~~caveat: a rare somber-ish entry~~
i woke up on 9.11.01 to the sound of the phone ringing, it was dear, sweet heather phoning to alert us that we "were under attack." i will never forget it.
i remember looking at the official ticket for my first ever (nevermind that i was 25 at the time) madonna concert and thinking, could a madonna concert truly ever be the same?
of course, that evening's concert was cancelled, but rescheduled for that saturday. and clearly, i was afraid to go, because if you were a terrorist and you were still planning an attack, wouldn't that be the FIRST place in LA you'd want to target? i mean, a madonna concert at the staples center? it was like a veritable gold mine of lascivious americans!

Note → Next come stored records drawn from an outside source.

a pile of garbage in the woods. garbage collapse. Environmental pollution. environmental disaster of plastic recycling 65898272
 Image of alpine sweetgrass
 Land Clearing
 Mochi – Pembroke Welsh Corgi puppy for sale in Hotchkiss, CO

but let me tell you now, in hindsight: i've never been so excited to be with my fellow americans, singing "like a virgin." because, if you think about it, we were. it was everso apropros.
it was my first day officially being the "boss" of four of my co-workers. one by one, they called me to check in to see if they needed to come in to work that day. i remember being confused about being the boss, but i knew under no uncertain terms, it was a day for them to stay home. it was my first big decision as a manager.

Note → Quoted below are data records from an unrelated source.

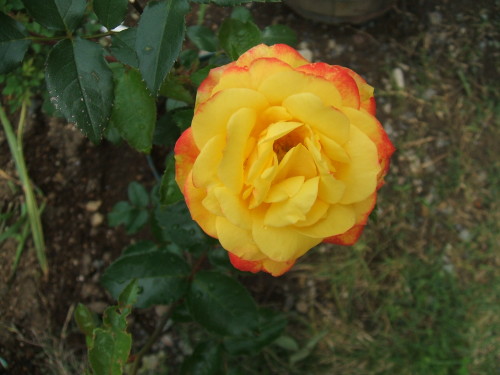 DSCF2667.JPG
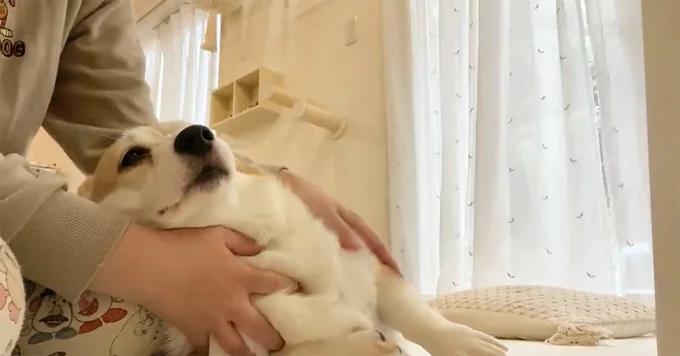 飼い主「精神統一のため朝から犬をこねる宗教に入っています」▶我をこねよ（⇒次へ）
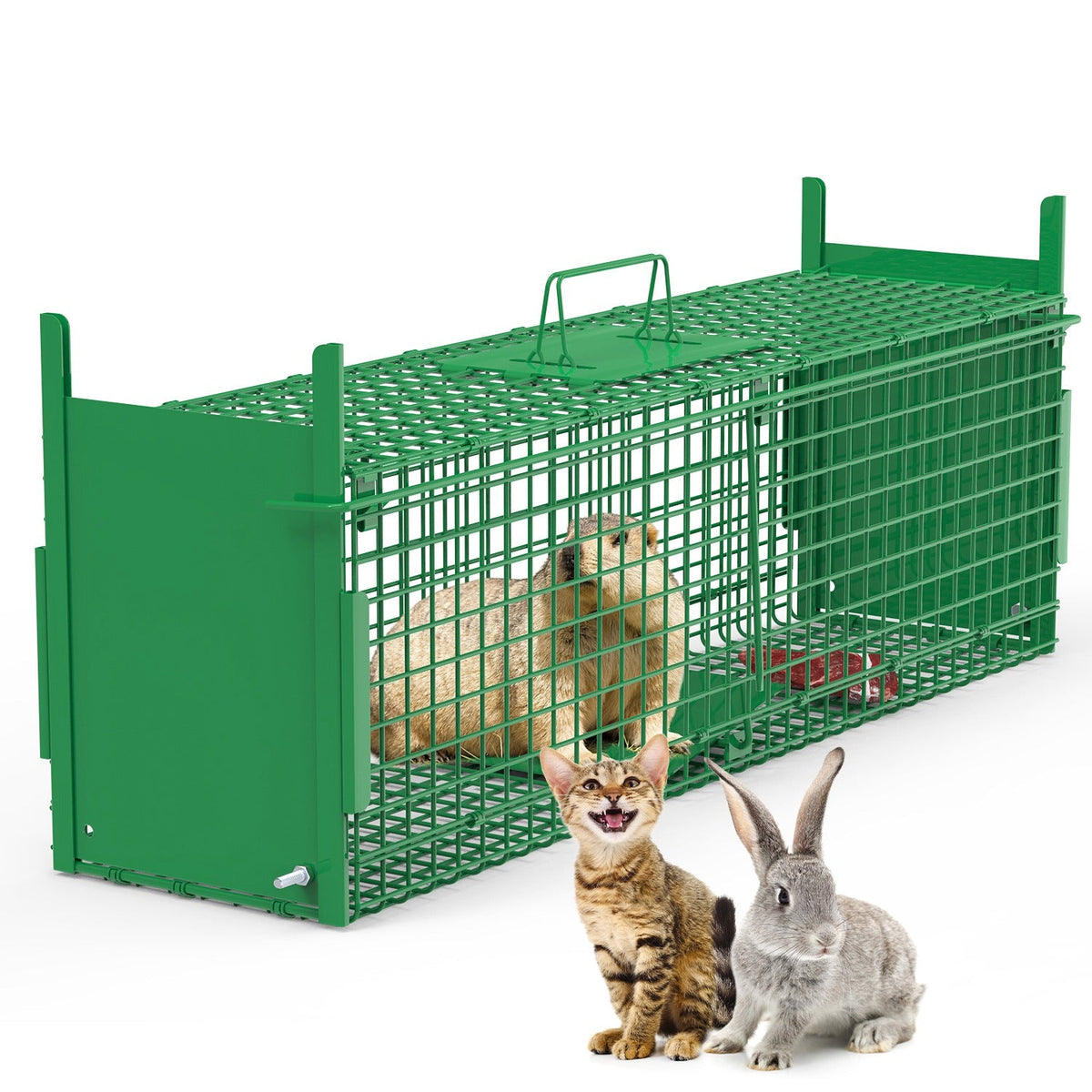 Humane Live Animal Trap – 40" (Raccoon & Opossum)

i remember driving aaron to the doctor so he could be treated for the brown recluse spider bite(s) on his chest. i barely slept through the night because i was (after carefully scouring the internet searching brown recluse spider bite symptoms and worst case scenarios) most certain he was going to either be a) paralyzed or b) comatose. it seemed worth the risk to venture out and get some sort of anitbiotics to treat the ailment. (ps. he lived, but it was intensely scary, at any rate)
finally, what i remember the most clearly, was seeing a bunch of personages on TV, standing on the stairs of some building, most likely the white house or somesuch, singing "god bless the USA."
and i remember most vividly, in that moment, feeling more (bittersweetly) proud to be an american than i ever had in my entire life.
i never WANT to FORGET that feeling. EVER.